The Killers and Bruce Springsteen have teamed up to record a new version of “A Dustland Fairytale,” which originally appeared on the band’s 2008 LP Day & Age.
In an e-mail interview with Rolling Stone, Killers frontman Brandon Flowers said the original plan was to play the song together live. “But the idea to record it remotely was initially about giving people something during quarantine,” he says. “‘Dustland’’s lineage leads straight to Bruce. When we finished it back in 2008, I sent him a copy and a note expressing my gratitude for his contribution to my life.”
“I attribute my discovery and absorption of his music with helping me become a more authentic writer,” he continues. “He helped me to see the extraordinary in everyday people and their lives. And in this case, it was my parents who were under the microscope. Their faith and doubts, their search for salvation in the desert. It sounds Biblical. It also sounds Springsteenian.”

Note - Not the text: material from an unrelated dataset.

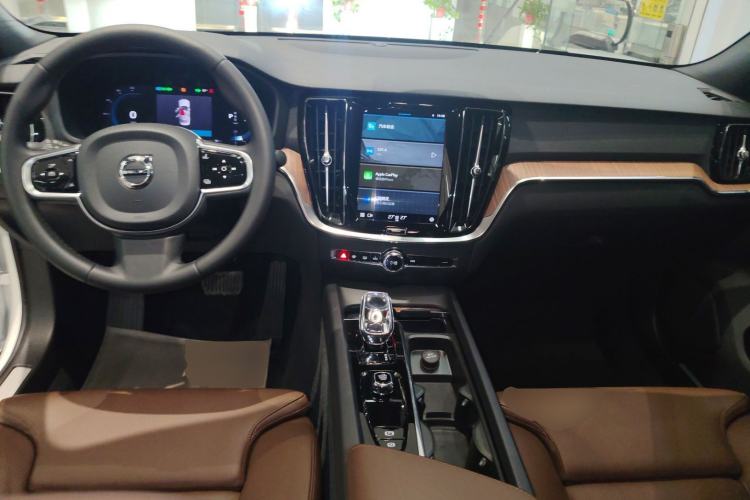 Used Volvo S60 2024 B4 Zhiyuan Luxury Edition Center Console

Brandon Flowers has long cited Bruce Springsteen as one of his most important influences, although the Killers took some heat in 2006 when some critics said their LP Sam’s Town drew a little too much from his work. That reaction weighed heavily on Flowers when he first met Springsteen.
“I was scared to death, with all the dust that was kicked up about Sam’s Town,” Flowers told Rolling Stone in 2008. “And he just eased my mind and gave me such a boost of confidence. He was way nicer than he needed to be. He talked about how undeniable the first record was. And I brought up my concerns about it all, and, you know, he said he dealt with the same thing with Bob Dylan.”
The next year, the Killers found themselves playing right before Springsteen at the Pinkpop festival in Landgraaf, Netherlands. Toward the end of Springsteen’s set, Flowers came out to sing “Thunder Road.”
“That’s a special song,” he told Rolling Stone in 2017, “and was a real highlight of my life and career.”
And now, 12 years after that night in the Netherlands, Flowers finally had the chance to formally cut a song with Springsteen. “It means a whole lot to get a text from Bruce,” Flowers says, “let alone an appearance on a song of ours. He’s living, breathing American royalty.”